Jika masyarakat mulai memahami hal ini, kepatuhan pajak berpotensi meningkat, dan penerimaan negara pun bisa bertambah signifikan untuk mendanai program-program sosial.
Pajak sebagai Investasi Sosial Jangka Panjang
Pajak bukan hanya untuk kebutuhan jangka pendek seperti bantuan sosial atau subsidi. Pajak juga menjadi sumber pendanaan utama untuk proyek jangka panjang yang manfaatnya bisa dirasakan hingga generasi berikutnya. Misalnya:
- Pembangunan bendungan untuk irigasi pertanian yang meningkatkan produktivitas pangan.
- Pembangunan jaringan listrik desa yang membuka peluang ekonomi baru.
- Modernisasi sistem transportasi publik untuk mengurangi kemacetan dan polusi.
Dengan cara ini, pajak berperan ganda: memberi bantuan langsung bagi yang membutuhkan saat ini, sekaligus menciptakan fondasi ekonomi yang lebih kokoh di masa depan.
Tantangan dan Harapan
Meski konsepnya mulia, penerapan pajak sebagai instrumen kesejahteraan membutuhkan pengelolaan yang transparan dan akuntabel.
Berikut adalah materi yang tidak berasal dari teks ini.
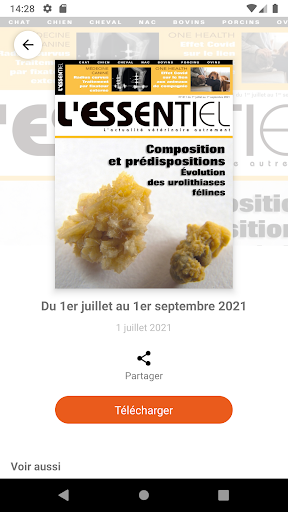 Essentiel Screen 2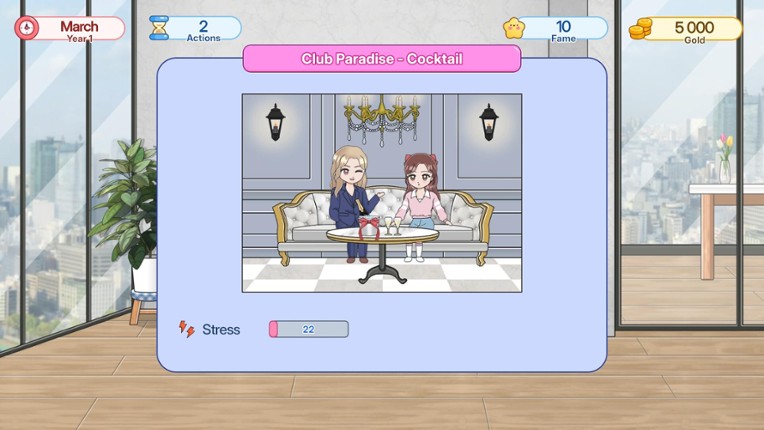 Idol Maker screenshot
Kepercayaan publik adalah kunci. Jika masyarakat melihat bahwa pajak benar-benar digunakan untuk kepentingan mereka, keengganan membayar pajak akan berkurang.
Sri Mulyani berharap narasi pajak sebagai “zakat dan wakaf modern” dapat menjadi jembatan pemahaman, sehingga semua pihak, baik yang berlatar belakang religius maupun sekuler, bisa memandang pajak sebagai hal yang bermanfaat dan terhormat.
Pajak sebagai Jembatan Keadilan Sosial
Pernyataan Sri Mulyani membuka ruang diskusi yang luas. Pajak, zakat, dan wakaf mungkin berbeda dari segi bentuk dan tata kelola, tetapi semuanya mengarah pada tujuan yang sama: membangun masyarakat yang lebih adil, sejahtera, dan inklusif.
Sebagai influencer berita ekonomi, saya melihat gagasan ini bukan hanya retorika, tetapi strategi komunikasi yang cerdas. Pajak adalah gotong royong dalam bentuk modern dan ketika dikelola dengan prinsip keadilan, ia menjadi kekuatan besar yang mampu mengubah nasib bangsa.